Il faut, comme souvent, remettre l’église au centre du village car la présentation de valeurs moyennes n’a jamais été un bon critère pour évaluer les réalités salariales (qui sont très diverses en fonction de l’âge, de la situation, etc…).

Une étude réalisée par nos collègues de Cadarache sur le personnel présent sur le site depuis 2010, a ainsi montré que la « dispersion » des augmentations de salaires (écart entre les rythmes d’augmentation des salariés) est très conséquente : leurs valeurs vont de 7,81 % pour le salarié le moins augmenté et 65,58 % pour le salarié le plus augmenté.

  • Ces écarts battent totalement en brèche l’idée que notre système d’augmentation serait « rigide et automatique ». Ils illustrent, au contraire, que les salariés peuvent être, en fonction de l’évaluation hiérarchique, fortement accélérés ou fortement ralentis : les managers peuvent jouer sur les « valeur minimale », « valeur maximale », « répétitifs », etc….
  • Un autre élément mis en évidence par l’étude est que les salariés Annexe 2 qui ne bénéficient plus de l’augmentation de la prime d’ancienneté ont tous connu une augmentation de salaire inférieure à 30 % durant ces 12 années.

D’un point de vu général, il est clair que –quel que soit leur statut- les salariés qui sont dans leur dernière décennie de vie active ont une évolution de rémunération très ralentie, ce qui est particulièrement difficile à supporter dans un contexte de retour de l’inflation

Conclusion : les chiffres parlent, mais ne crient jamais*

… C’est pourquoi ils n’empêchent pas nos tutelles de dormir.

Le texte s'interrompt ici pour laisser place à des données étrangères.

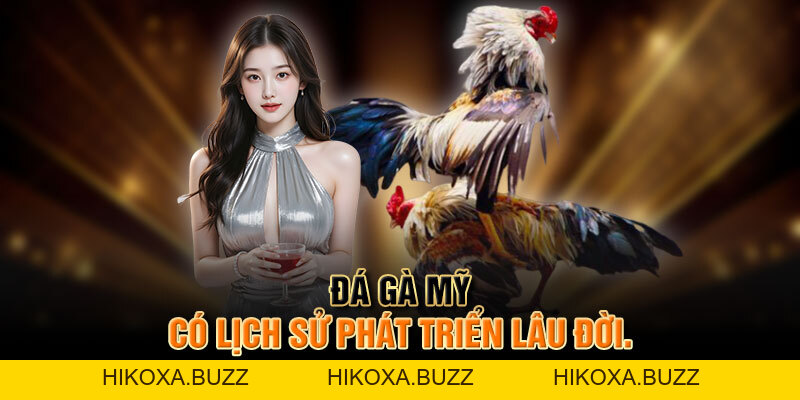 Trải Nghiệm đá Gà Mỹ Cựa Dao đầy Kịch Tính Và Hấp Dẫn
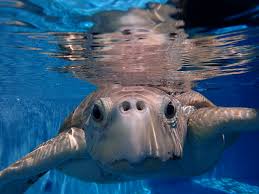 Image result for Lepidochelys kempii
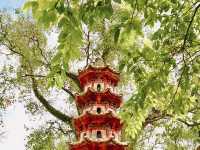 Springtime in Guangzhou: Cats & Blossoms in Zhujiang Park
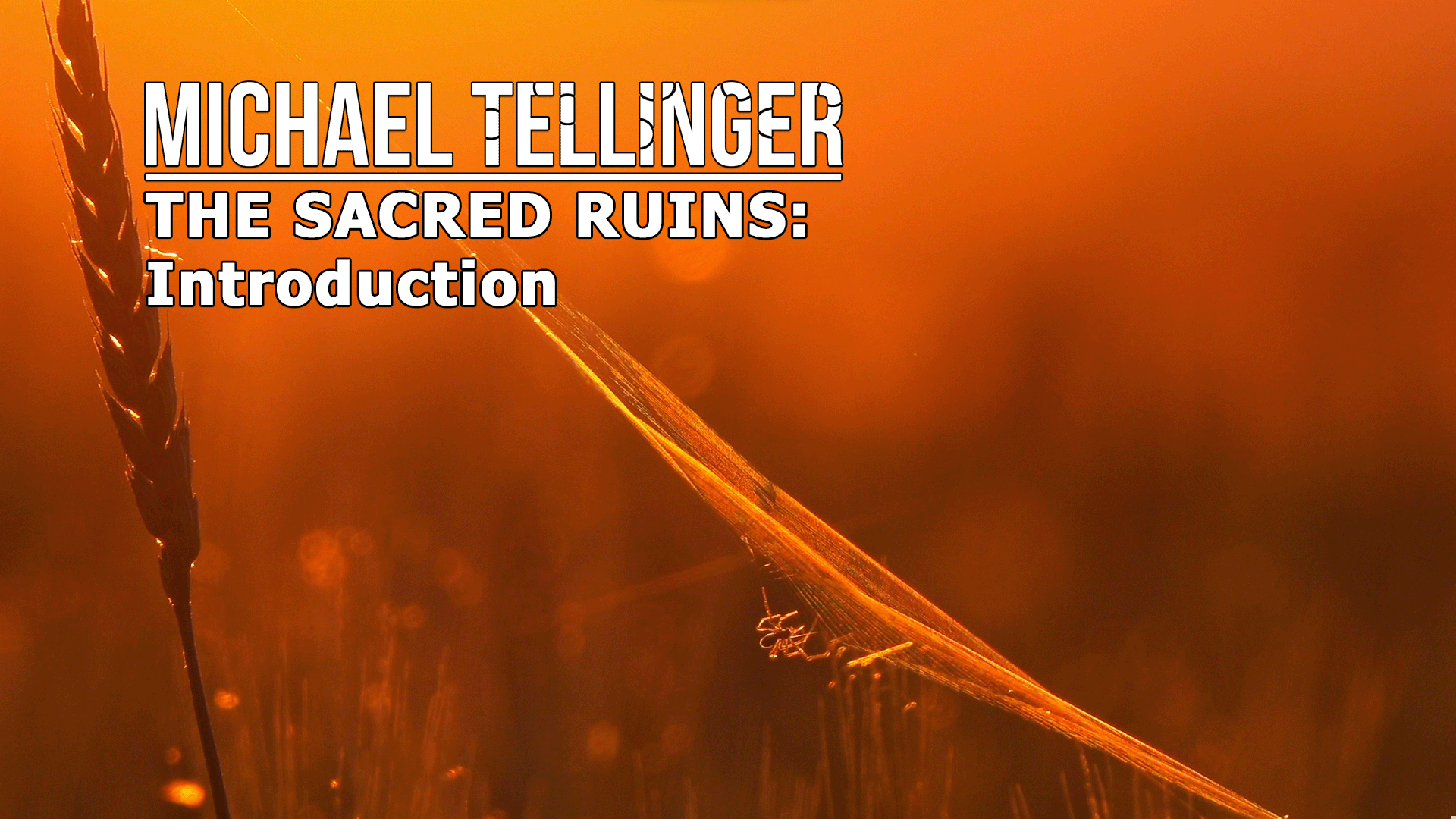 THE SACRED RUINS: Introduction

Soyons sérieux : la réalité vécue va au-delà d’indicateurs qui sont, par nature, imparfaits et partiels en plus d’être tordus dans tous les sens.

Au-delà de ce simple constat, la multiplicité des trajectoires et des situations fait que nous affrontons plus ou moins bien la dégradation actuelle de notre situation.

En tout état de cause, résumer le recul du niveau de vie subi par les salariés du CEA à une « moindre augmentation » relève, au mieux, de la cécité volontaire.

Même dissimulés par une inflation exceptionnellement faible, les « cadrages » qui nous été imposés durant la période écoulée (2010-2021) se sont traduits concrètement par la fin des évolutions de carrière, par l’érosion des fins de vie professionnelles et, pour beaucoup d’entre nous, par une stagnation ou une baisse du niveau de vie.